▶ [Problem statement] Write down exactly what lies from the line containing "Daniel David, Minister" to the end of the records, inclusive, and omit the pictures.

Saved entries
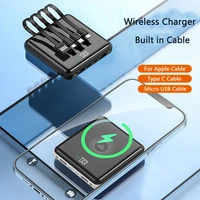1000020000mah qi wireless charger power bank with cable mini poverbank for iphone 12 11 samsung s20 xiaomi powerbank with light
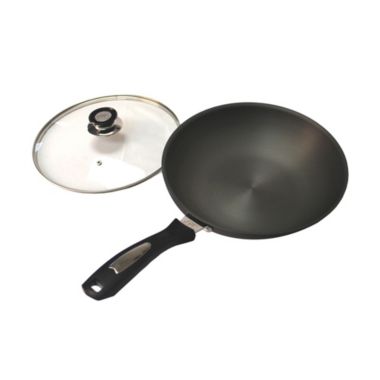 Sunpentown 12" Hard Anodized Flat Bottom Wok Cookware. View a larger version of this product image.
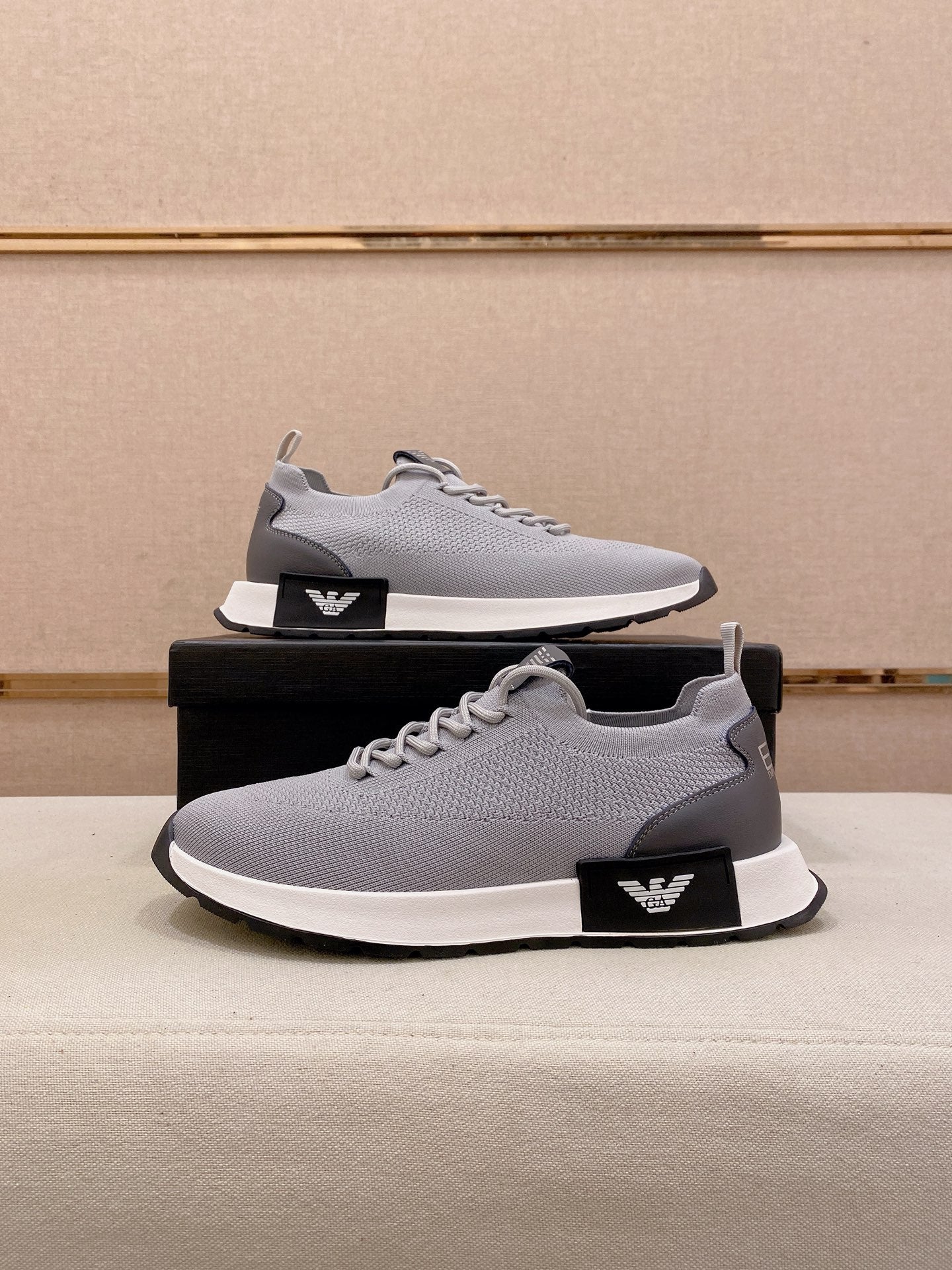 Armani Official Synchronized Knit Sneakers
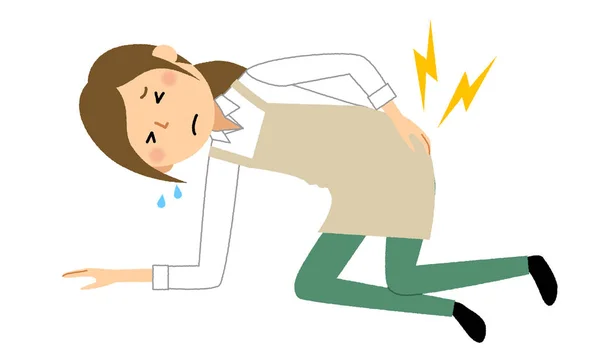 Woman wearing apron, Backache/A woman wearing an apron is an illustration that will become backache. — Stock Illustration Woman Wearing Apron Backache Woman Wearing Apron Illustration Become Backache Stock Illustration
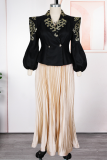 Elegant Print Pleated Turn-back Collar Plus Size Two Pieces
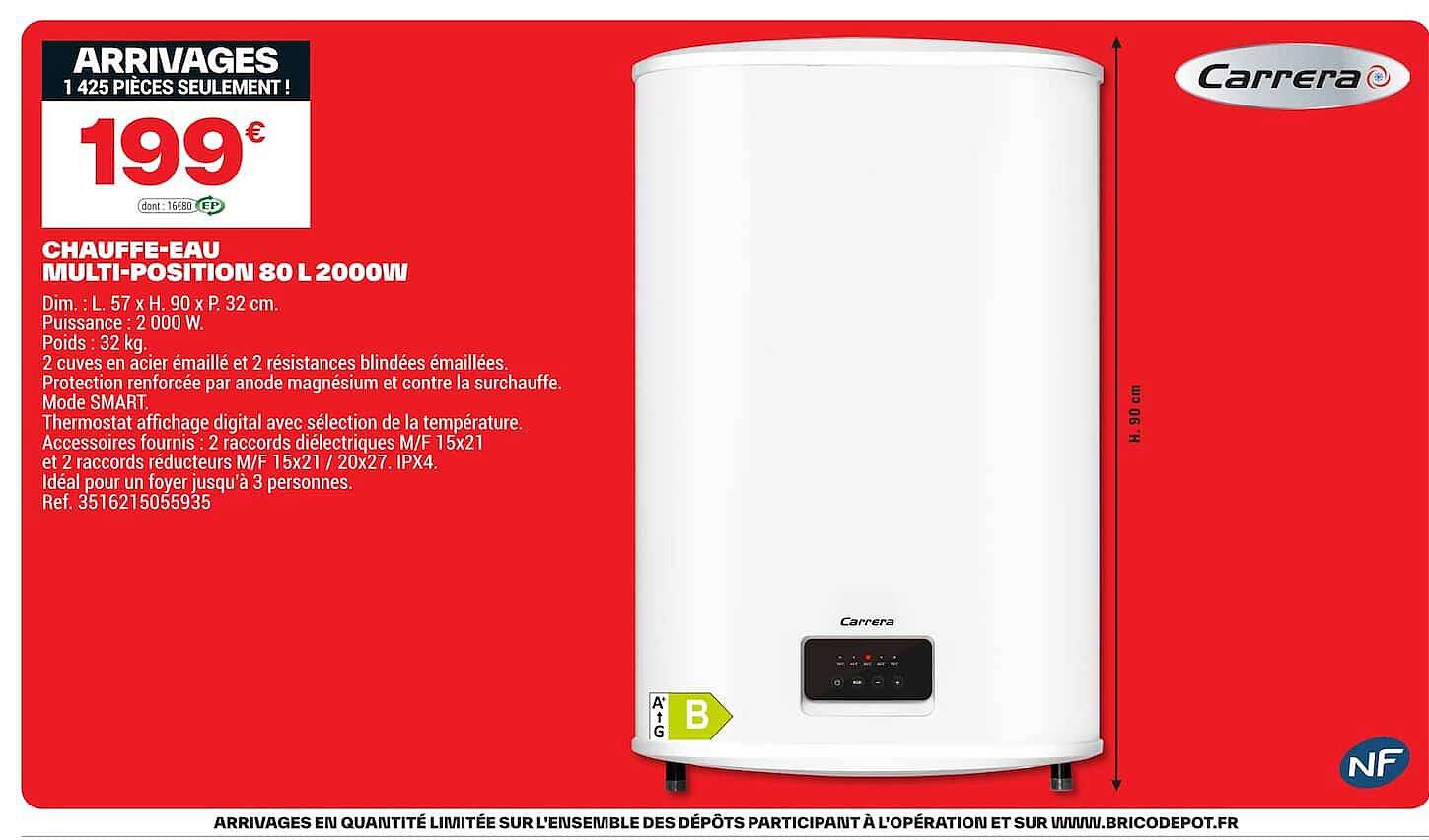 CHAUFFE-EAU MULTI-POSITION 80 L 2000W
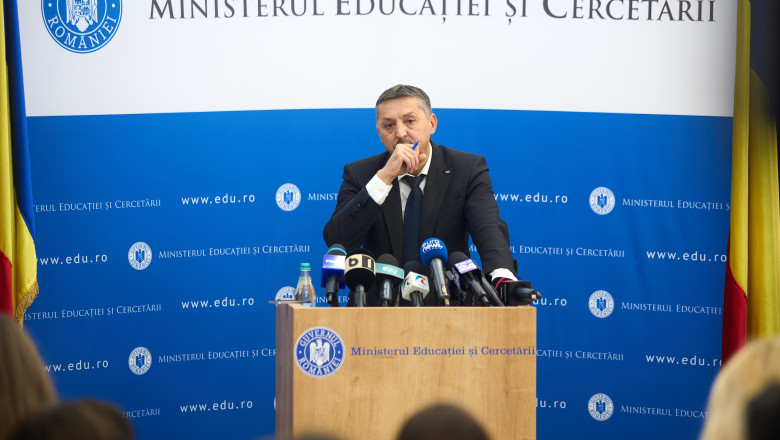 Daniel David, Minister of Education, press conference, Bucharest, Romania - 21 May 2025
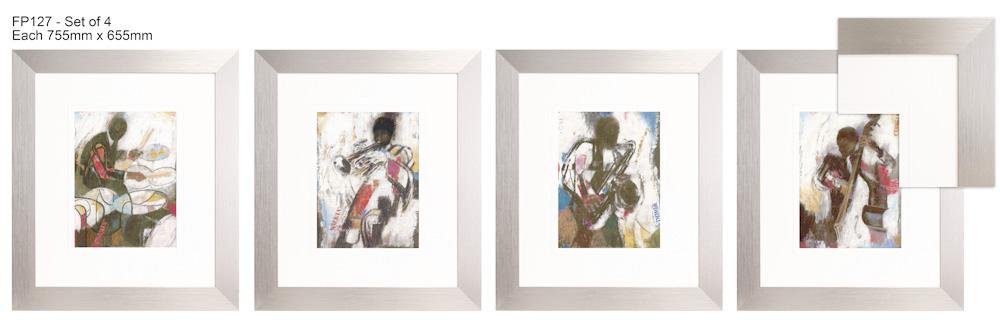 FP127 Wall décor art framed print set of 4 african musicians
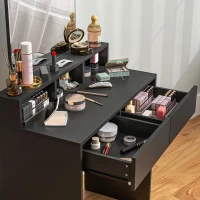 HOMCOM Coiffeuse avec Miroir 2 Tiroirs 3 Compartiments Table de Maquillage pour Chambre 75x38x135 cm Noir(m-5)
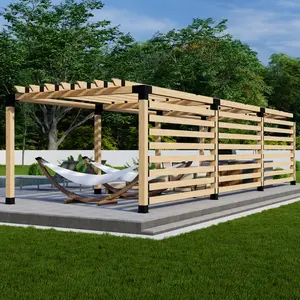 Kit for a Pergola With Privacy Shade Walls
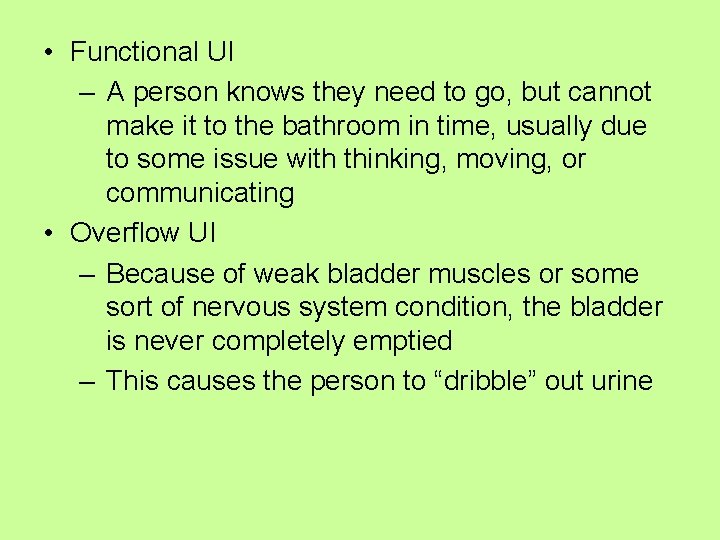  • Functional UI – A person knows they need to go, but cannot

▶ [Response to this exercise]
 Daniel David, Minister of Education, press conference, Bucharest, Romania - 21 May 2025
 FP127 Wall décor art framed print set of 4 african musicians
 HOMCOM Coiffeuse avec Miroir 2 Tiroirs 3 Compartiments Table de Maquillage pour Chambre 75x38x135 cm Noir(m-5)
 Kit for a Pergola With Privacy Shade Walls
  • Functional UI – A person knows they need to go, but cannot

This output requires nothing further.